Whitesmiths in the Modern WorldWhile we are steeped in more tradition than the rest of our House, we are more creatures of the modern world than other seleighe Sidhe. We understand that we must fight to control our names, but we also must bend to the realities of the world around us enough to remain relevant to our Dreamers. The Whitesmiths tend to find this place in the art world. Peter Antor (https://lillstreetgallery.com/exhibitions/featured-jewelry-artist-peter-antor), and Hiroshi Suzuki (http://www.modernsilver.com/goldsmithsmarch/hiroshisuzuki.htm) are both Dreamers of the Whitesmiths.
In these times, our close ties with the fine arts has also entangled the Whitesmiths in academia. There are more than a few Whitesmiths working in metalsmithing departments at prominent art schools, and who have inspired, and been inspired by millennial sensibilities. Unlike other Sidhe who have locked themselves away from the world, Dougal Sidhe of all stripes recognize the rise in the intentional use of saining by budding millennials. For nearly all of human history the battles of narrative, name and shape that the Fae define themselves by were only understood by a handful of mortals. Now the world is rife with blogs redefining stories and names, genders and traditions.
While the Sidhe of the other houses who have noticed this change feel the casual wielding of naming magics by the Sons of Adam and the Daughters of Eve to be an abomination, members of House Dougal, along with a few more radical members of House Scathach see this as a sign of a coming spring. Even those who are convinced that this shift in mortal society portends a coming spring cannot decide if it will be a return of Fomorian or Tuathan dreams.
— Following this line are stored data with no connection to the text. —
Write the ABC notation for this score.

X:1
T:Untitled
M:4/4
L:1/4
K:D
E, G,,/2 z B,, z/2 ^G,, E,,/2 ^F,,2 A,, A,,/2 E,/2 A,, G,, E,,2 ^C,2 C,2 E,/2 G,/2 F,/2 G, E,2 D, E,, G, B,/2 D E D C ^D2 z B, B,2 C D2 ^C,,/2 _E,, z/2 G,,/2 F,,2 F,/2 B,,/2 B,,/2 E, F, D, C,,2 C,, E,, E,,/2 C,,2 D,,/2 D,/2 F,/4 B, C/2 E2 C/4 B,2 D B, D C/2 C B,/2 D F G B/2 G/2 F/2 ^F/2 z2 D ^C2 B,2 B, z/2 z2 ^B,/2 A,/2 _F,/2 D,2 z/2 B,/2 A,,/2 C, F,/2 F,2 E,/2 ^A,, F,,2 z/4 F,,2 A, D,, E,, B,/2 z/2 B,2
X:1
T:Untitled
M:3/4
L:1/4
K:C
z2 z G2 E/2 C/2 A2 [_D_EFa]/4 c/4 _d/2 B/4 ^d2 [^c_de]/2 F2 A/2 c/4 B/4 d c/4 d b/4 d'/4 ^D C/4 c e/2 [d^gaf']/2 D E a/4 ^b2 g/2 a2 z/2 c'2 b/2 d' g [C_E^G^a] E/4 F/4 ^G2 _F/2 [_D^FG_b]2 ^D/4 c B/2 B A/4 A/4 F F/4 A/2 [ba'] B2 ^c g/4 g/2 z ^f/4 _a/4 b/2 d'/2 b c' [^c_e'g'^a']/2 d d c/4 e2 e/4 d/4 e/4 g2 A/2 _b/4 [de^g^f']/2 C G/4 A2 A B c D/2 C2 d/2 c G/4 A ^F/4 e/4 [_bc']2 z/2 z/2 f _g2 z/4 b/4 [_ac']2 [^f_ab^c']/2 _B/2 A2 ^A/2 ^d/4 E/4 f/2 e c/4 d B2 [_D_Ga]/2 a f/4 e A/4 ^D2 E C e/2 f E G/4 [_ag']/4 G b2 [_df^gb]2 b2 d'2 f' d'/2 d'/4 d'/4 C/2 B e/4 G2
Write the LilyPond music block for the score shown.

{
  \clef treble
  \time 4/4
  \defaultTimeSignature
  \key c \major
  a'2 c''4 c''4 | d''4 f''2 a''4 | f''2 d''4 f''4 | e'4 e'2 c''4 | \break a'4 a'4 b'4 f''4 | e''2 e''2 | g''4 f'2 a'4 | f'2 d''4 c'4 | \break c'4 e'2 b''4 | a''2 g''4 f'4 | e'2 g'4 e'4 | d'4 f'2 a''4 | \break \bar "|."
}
Of Curses and BoonsMembers of the Whitesmith bear the curse of our founder, not the creeping chimerical blight of our younger brethren. So we must repair our bodies as we did in the ages before the change. If we do not craft chimerical pieces to replace our failings quickly, other members of our House may notice. We are also unable to forge steel, for the Dreaming sees that act of crafting as too close to the stories we must not tell. If a Whitesmith attempts to wield a blacksmith’s hammer, the work they create will be twisted and corrupt, embodying the most destructive impulses of their nightmares. So we work with the lighter touch of a Whitesmith and forge our bodies out of brass, silver and more delicate materials. This gives Whitesmiths an air of elegance that the rest of our House is not known for, ironically helping us to fit in with other Sidhe, even as members of our own often distrust us for reasons they can never quite identify.
The ‘delicacy’ of the materials we work does not impart any physical disadvantage as even chimerical silver forged by a Whitesmith has the strength of tempered steel, but it does give us an air of elegance. It also allows us to spot each other almost instantly, and our suspicions are often confirmed with a simple exchange of looks. As our enhancements are constructed, and do not spawn directly from the Dreaming we must also maintain them when they are damaged. The conclusion of combat is often when a Whitesmith is most likely to be noticed as other Dougal’s mechanical bits heal as dynamically as they develop, where ours do not.